Magistrado ponente: Gustavo José Gnecco Mendoza

Decreto 2591 de 1991

Doctor Radicación No. 14303 CORTE SUPREMA DE JUSTICIA SALA DE CASACIÓN LABORAL Magistrado Ponente: GUSTAVO JOSÉ GNECCO MENDOZA Radicación No. 14303 Acta No. 102 Bogotá, D. C., treinta (30) de noviembre de dos mil cinco (2005). Decide la Corte la impugnación interpuesta por MÓNICA DEL ROSARIO PORTO PORTO contra el fallo proferido por la Sala Laboral del Tribunal Superior del Distrito Judicial de Cartagena, de fecha 2 de septiembre de 2005, que denegó la tutela promovida por la impugnante contra la CAJA DE RETIRO DE LAS FUERZAS MILITARES.

I.

ANTECEDENTES Mónica del Rosario Porto Porto instauró la acción de tutela por considerar vulnerados sus derechos fundamentales al buen nombre, honra, trabajo, igualdad y petición. En sustento de sus pretensiones adujo como hechos, entre otros, que la Caja de Retiro de las Fuerzas Militares publicó en su página web y en su boletín Cremil, edición 42, de junio de 2005, bajo el título “Aclaraciones sobre Prima de Actualización”, lo siguiente: “Algunos abogados, sin fundamento legal, les están ofreciendo a los oficiales y suboficiales hacerles reajustar las asignaciones a partir de 1996, con base en el porcentaje de la prima de actualización”, lo que le ha causado serios perjuicios profesionales; y que mediante derecho de petición del 1º de julio de 2005 solicitó la rectificación de las afirmaciones.

Sostiene que la publicación efectuada por la entidad accionada es absolutamente falsa y mal intencionada, lo que ha implicado que muchos de sus clientes hayan desistido de otorgarle poder para representarlos profesionalmente ante dicho organismo como abogada. Pretende con esta acción, que se amparen los derechos fundamentales invocados; y que se ordene al Director de la Caja de Retiro de las Fuerzas Militares, Mayor General (r) RODOLFO TORRADO QUINTERO, que dentro de un plazo perentorio proceda a rectificar en igualdad de condiciones la información que se publicó en la página 10 del boletín CREMIL, edición 42, de junio de 2005, bajo el título “ACLARACIONES SOBRE PRIMA DE ACTUALIZACIÓN”, y en la página web de dicha entidad.
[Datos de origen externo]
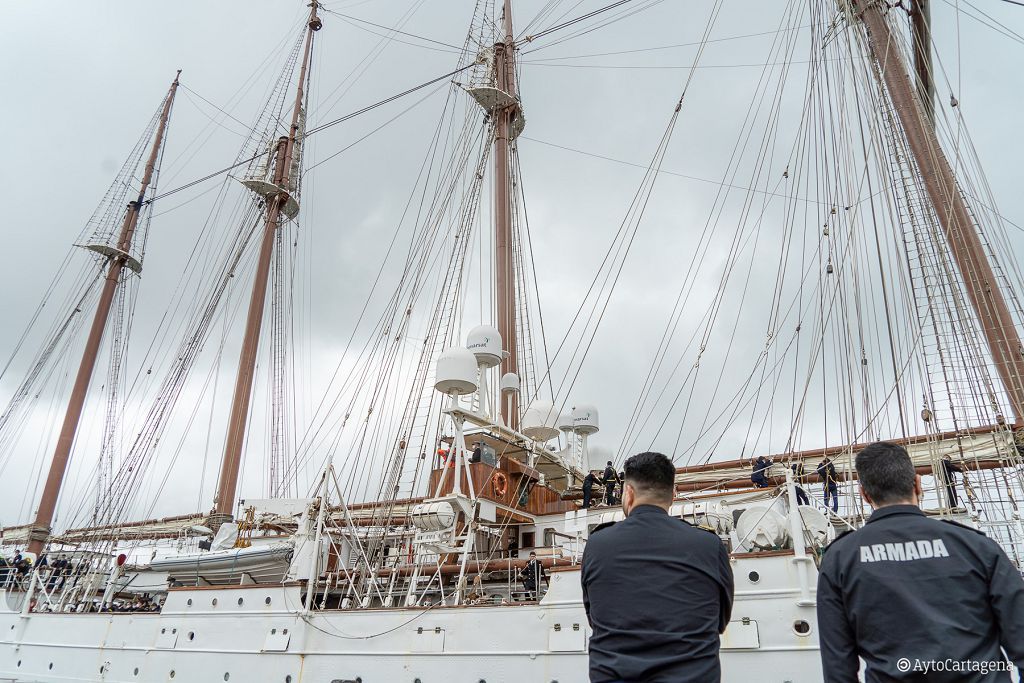 El buque Juan Sebasitán Elcano llega a Cartagena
La autoridad militar accionada explicó al Tribunal las razones que la llevaron a publicar la información cuestionada, entre ellas, una sentencia del Consejo de Estado, de fecha 15 de abril de 2004, y que a la accionante se le indicó que en la publicación no se hacía referencia a ella ni a ningún otro profesional del derecho en particular, ni se pusieron en tela de juicio sus capacidades como abogada; y que por no estar vulnerando derecho fundamental alguno de la accionante y no existir “error en la información publicada, no procederá a realizar rectificación alguna sobre el particular.” (folios 8 a 11).
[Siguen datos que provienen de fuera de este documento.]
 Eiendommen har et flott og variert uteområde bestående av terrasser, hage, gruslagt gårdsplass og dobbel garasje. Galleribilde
La Sala Laboral del Tribunal Superior del Distrito Judicial de Cartagena, en sentencia del 2 de septiembre de 2005, denegó el amparo deprecado, para lo cual esgrimió, entre otras razones, que no existe “legitimación activa en la causa, debido a la ausencia de identificación de los sujetos cuyos derechos pudieron haber resultado amenazados o vulnerados con ocasión de las informaciones hechas por la accionada por cuanto sus afirmaciones se dirigieron a un género muy amplio de un gremio profesional, lo cual impide individualizar a la persona concreta cuyos derechos pudieron resultar lesionados, porque si bien es cierto se afirma “Algunos abogados, sin fundamento legal ” esta declaración no contienen (sic) ningún elemento que permita identificar a los profesionales del Derecho ni en particular a la Dra. Mónica Porto Porto.” (folios 27 a 34).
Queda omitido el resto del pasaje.